WHAT NEEDS TO BE DONE:
Everything from the line with "Черный Фольксваген Поло, объемом" to the line with "Forrester Way, London, E15, photo 12" in the listing below, both lines included, needs to be copied exactly, apart from the pictures.
RECORDS FOR PROCESSING Start Marker
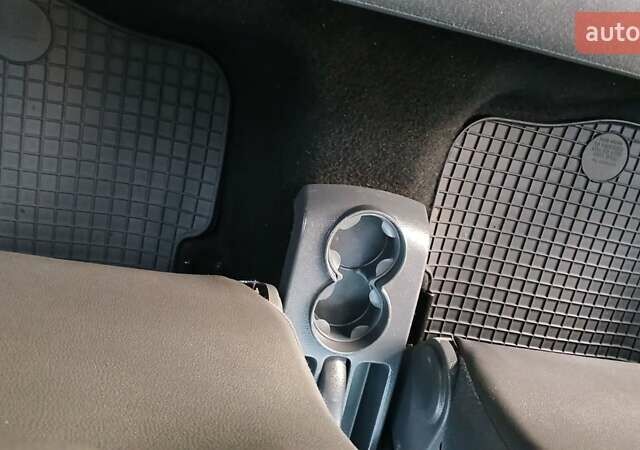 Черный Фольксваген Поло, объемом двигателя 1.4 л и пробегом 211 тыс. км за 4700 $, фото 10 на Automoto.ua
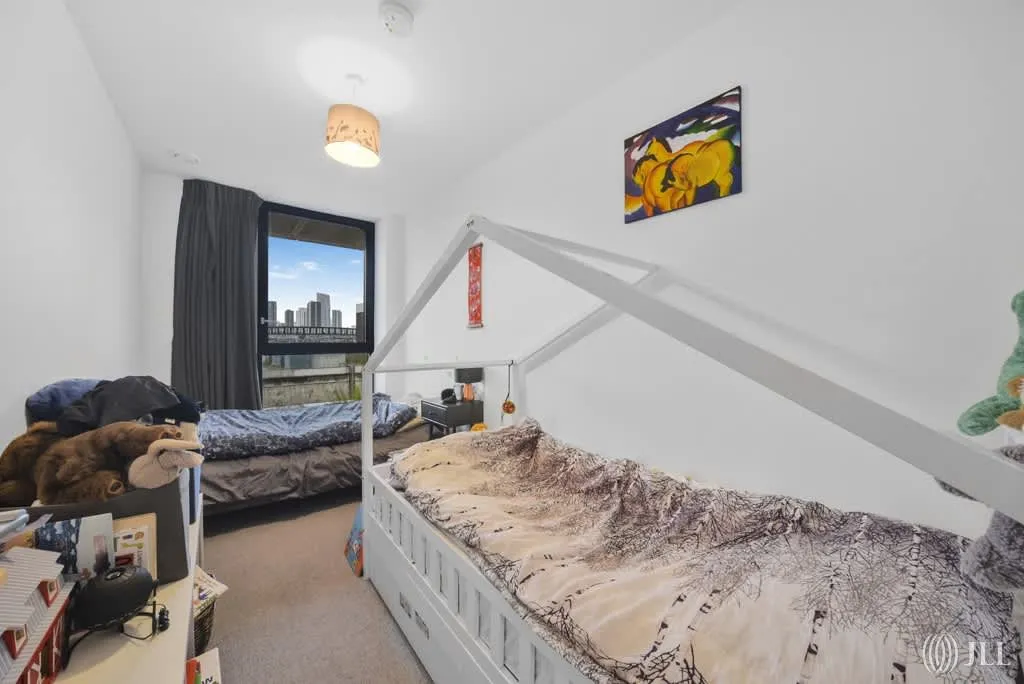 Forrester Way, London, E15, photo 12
RECORDS FOR PROCESSING End Marker
RECORDS FOR PROCESSING Start Marker
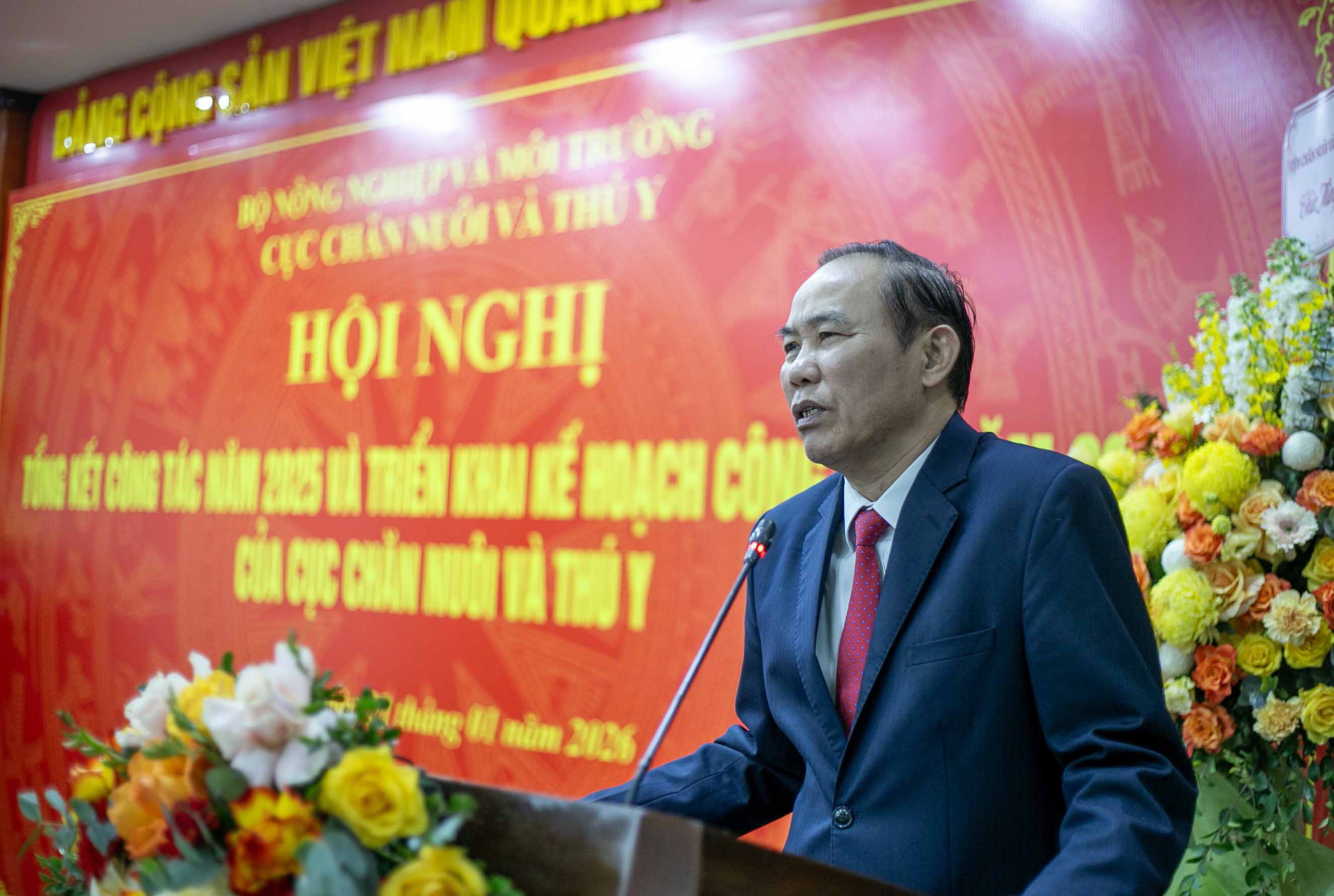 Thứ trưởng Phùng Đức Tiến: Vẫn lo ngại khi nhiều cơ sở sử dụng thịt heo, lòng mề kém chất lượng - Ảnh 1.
RECORDS FOR PROCESSING End Marker
RESULT:
 Черный Фольксваген Поло, объемом двигателя 1.4 л и пробегом 211 тыс. км за 4700 $, фото 10 на Automoto.ua
 Forrester Way, London, E15, photo 12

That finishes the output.